Takyme Devon James, 41, was angry at Tony Sanders, 51, because Sanders got the better of him in a fight Dec. 3, 2017, Assistant District Attorney Lauren Richards said in opening remarks Tuesday afternoon. Richards told the jury that Sanders regularly rented a clubhouse on Lake Drive in Texarkana on Sundays and invited family and friends to watch football, eat, drink, play cards and socialize.
Richards said James came to the Dec. 3, 2017, party and began drinking. When his conduct became a problem, Sanders told him to leave and the two fought.
“The evidence is going to be that Takyme got his pride hurt and went out looking for revenge and Tony Sanders ended up dead,” Richards told the jury.
Richards told the jury that after leaving the party in a borrowed van, James met up with a girlfriend and solicited the aid of his two cousins, LaPrense Willis and Clarence Willis, who lived not far from James, not far from the clubhouse, and not far from Sanders’ home. James and the Willis brothers allegedly confronted Sanders after 9:30 p.m. that night in the driveway of his house on Jones Street as he and his wife were about to get in their car to pick up a child.

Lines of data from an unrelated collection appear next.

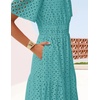 image:imageZESICA Womens Summer Casual V Neck Eyelet A Line Maxi DressesAqua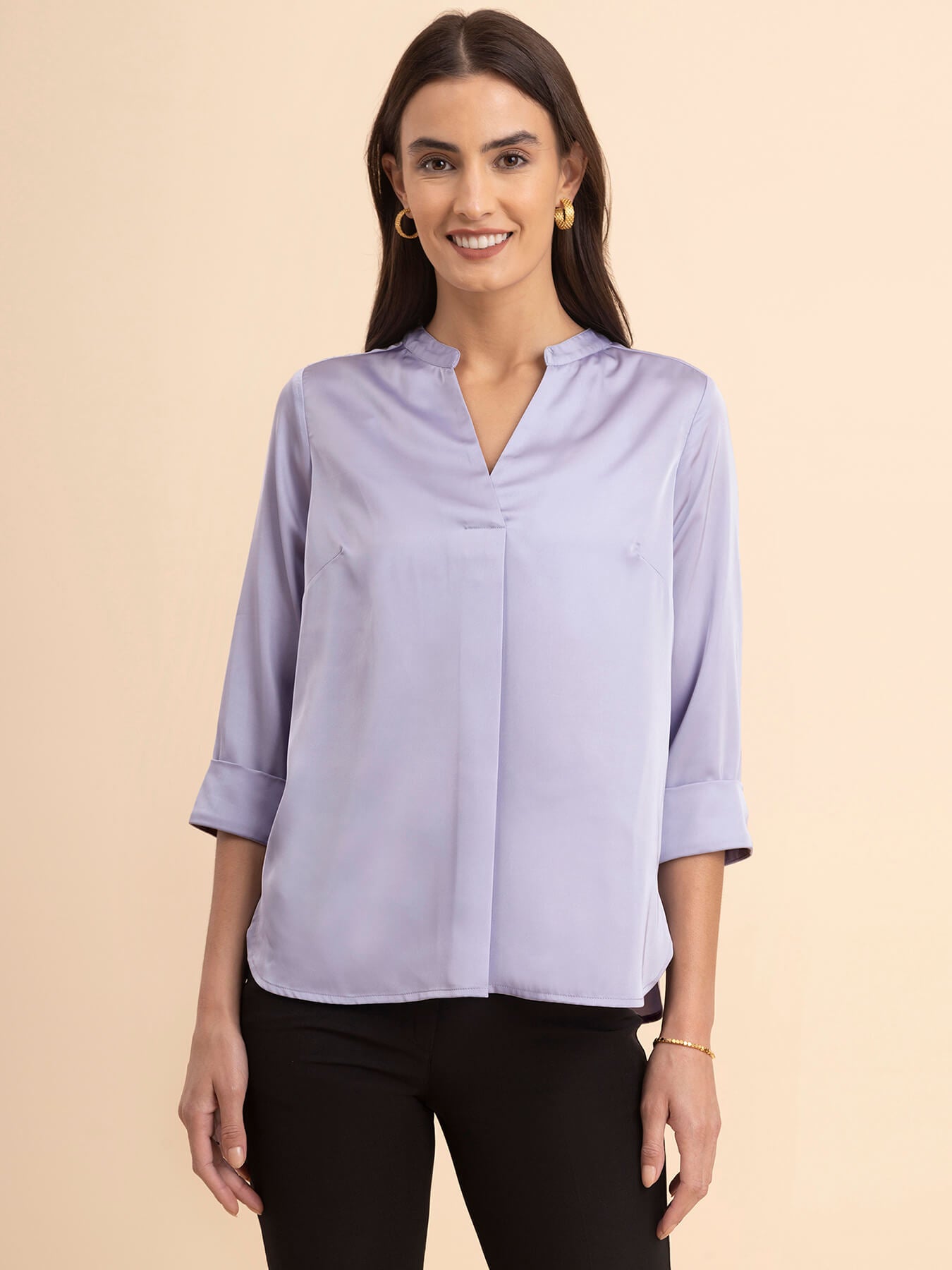 Satin Mandarin Collar Top - Lilac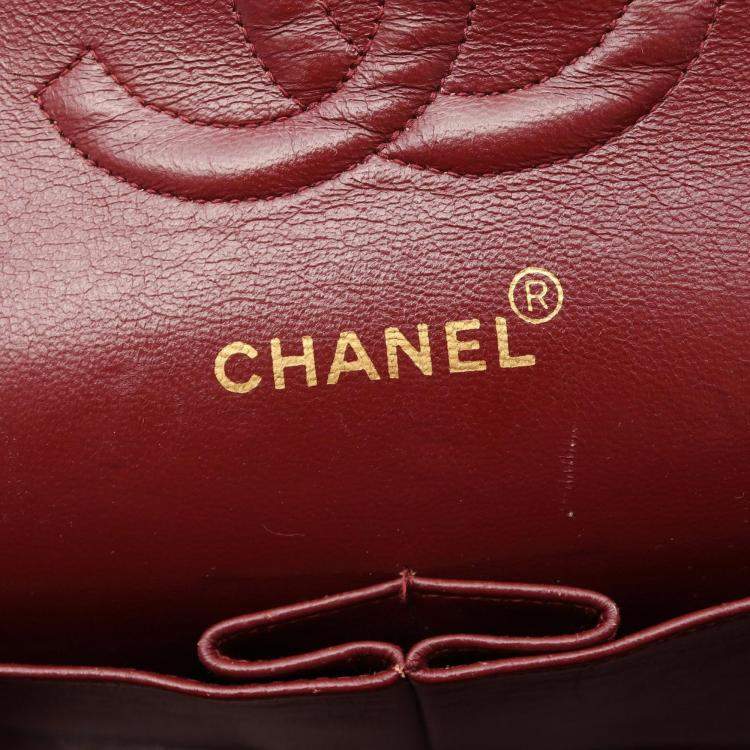 Pre Owned Chanel Classic Double Flap Black Quilted Lambskin Shoulder Bag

Richards said Sanders and his wife went in their home and locked the door but it was kicked in and Sanders was shot once with a handgun and that the bullet severed Sanders’ femoral artery in his leg, causing him to bleed to death.
Texarkana, Texas, Police Department Officer Colten Johnson testified under questioning from Assistant District Attorney Kelley Crisp that when he arrived, Sanders was lying in a large and growing pool of blood on the floor in the home’s den. Johnson said he and other officers struggled to cut off Sanders’ clothing and find the source of the bleeding. Johnson said the location of the wound in Sanders’ right pelvic area made it difficult to treat with a tourniquet.
Johnson said Sanders lost so much blood it appeared he’d been wounded with a shotgun.
Johnson said that he was covered in blood by the time paramedics arrived and had to go home and change before returning to the scene to write his report. Johnson said that as he traveled back to the scene he saw LaPrense Willis walking out of a nearby convenience store with a soda and bag of chips.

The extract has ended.